With a mud pan and drywall knife, a workman manually applies drywall tape and mud. First, the workman removes a scoop of mud from a bulk container in a mud supply area and places it in the mud pan. This action is repeated until the pan is full. The workman then walks from the mud supply area to the seam that he wishes to tape. The workman then scoops a quantity of mud onto the knife, turns the knife blade towards the wall, and with a series of wiping motions, coats the seam with mud more or less uniformly. After precutting the seam, the workman lays paper tape over the seam and presses it into the mud to achieve tape attachment. He then glides the knife over the tape, forcing mud and air out from behind the tape, and begins to smooth the surface. A first coat of mud is applied to the drywall tape either at the time that the tape is applied or later, depending on the workman"s technique.

After a period of drying, another coat of mud is applied to the tape and dressed with a drywall knife, thus covering the seam with a wider coat of mud. The same steps of walking to the mud supply area, scooping out mud until the pan is full, and then walking back to the work area are repeated.

After a second period of drying, most inexperienced workmen sand the seams before applying a final coat of mud.

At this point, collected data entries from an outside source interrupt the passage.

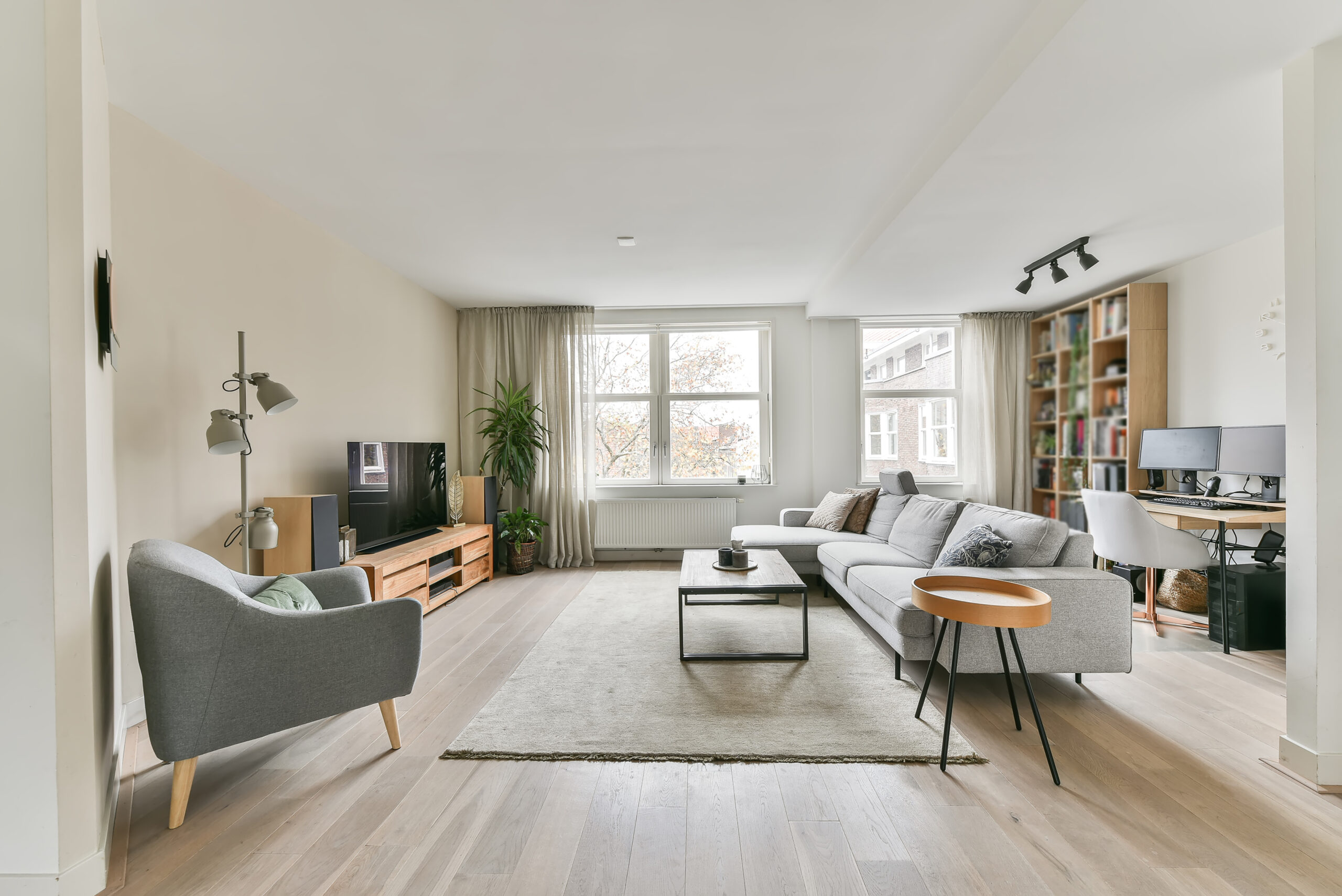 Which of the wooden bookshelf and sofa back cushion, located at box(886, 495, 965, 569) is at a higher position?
the wooden bookshelf

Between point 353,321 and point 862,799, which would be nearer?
point 862,799

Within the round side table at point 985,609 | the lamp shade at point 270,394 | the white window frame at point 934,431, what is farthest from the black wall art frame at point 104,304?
the white window frame at point 934,431

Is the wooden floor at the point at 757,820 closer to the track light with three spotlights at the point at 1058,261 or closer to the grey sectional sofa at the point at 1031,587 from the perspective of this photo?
the grey sectional sofa at the point at 1031,587

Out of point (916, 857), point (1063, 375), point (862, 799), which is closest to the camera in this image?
point (916, 857)

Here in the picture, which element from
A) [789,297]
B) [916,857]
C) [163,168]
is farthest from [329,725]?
[789,297]

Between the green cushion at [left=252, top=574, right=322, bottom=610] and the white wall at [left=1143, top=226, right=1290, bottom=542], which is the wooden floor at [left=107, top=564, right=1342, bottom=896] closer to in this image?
the green cushion at [left=252, top=574, right=322, bottom=610]

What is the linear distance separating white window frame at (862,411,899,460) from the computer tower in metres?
3.09

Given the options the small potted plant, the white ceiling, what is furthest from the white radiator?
the white ceiling

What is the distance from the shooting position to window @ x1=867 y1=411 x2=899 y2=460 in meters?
6.32

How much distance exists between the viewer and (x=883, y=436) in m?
6.33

The final coat of mud requires further walking between the mud supply and the work areas and further scooping and filling of the mud pan as before.

To overcome the drawbacks of manual drywall tape application and finishing tools such as the mud pan and drywall knife, a drywall taping system has been developed by Ames Tool Company (Ames), for example, that includes a manual, lever action, fluid mud pump that fills assorted mud applicator tools. A hand lever on the manual pump is pumped up and down to transfer drywall mud out of a bucket directly into a mud applicator tool. The mud is squirted into a slot in some tools and into other tools though a special fitting.

However, this system still requires walking between the mud supply and work areas, thus wasting time and energy. Only about ninety feet of tape can be applied with the Ames taper tool before a mud refilling is required, while each roll of paper tape is about 500 feet. Only about three to four vertical seams, where each seam is about eight feet long, can be filled with the Ames box tools before more mud is required. Thus, a day"s work requires hundreds of trips between the mud supply and work areas for mud refills with the Ames drywall taping system.

Additionally, each of the tools in the Ames system takes some toll upon the user"s energy. The Ames taper tool is powered by the user forcing a wheel to turn as it contacts the wall at the end of the tool. The Ames box tool requires the operator to forcefully wipe a box of mud on an extended handle. Each of the Ames tools mechanically disgorge drywall mud as the result of human labor. Many tasks in drywall taping are thus prone to repetitive stress injury.

Furthermore, Ames tools require both a reservoir that holds one shot of mud and a device to manually exude the mud on each tool. The Ames system is expensive, heavy, and manually actuated.

The stators tube pump is well known to the drywall industry. This pump has a hollow threaded internal rubber sleeve encompassing a threaded rod. As the rod is turned, fluid drywall material is forced to exit the pump. However, the stators pump requires an electric motor or gas engine to operate and is thus expensive to build. The stators pump is also very inefficient due to friction, so a large power source is required. Therefore, fluid material delivery systems using a stators pump for drywall work are expensive.

It is an object of an embodiment of the present invention to provide an improved drywall taping and texture system using a pump, which obviates for practical purposes, the above mentioned limitations.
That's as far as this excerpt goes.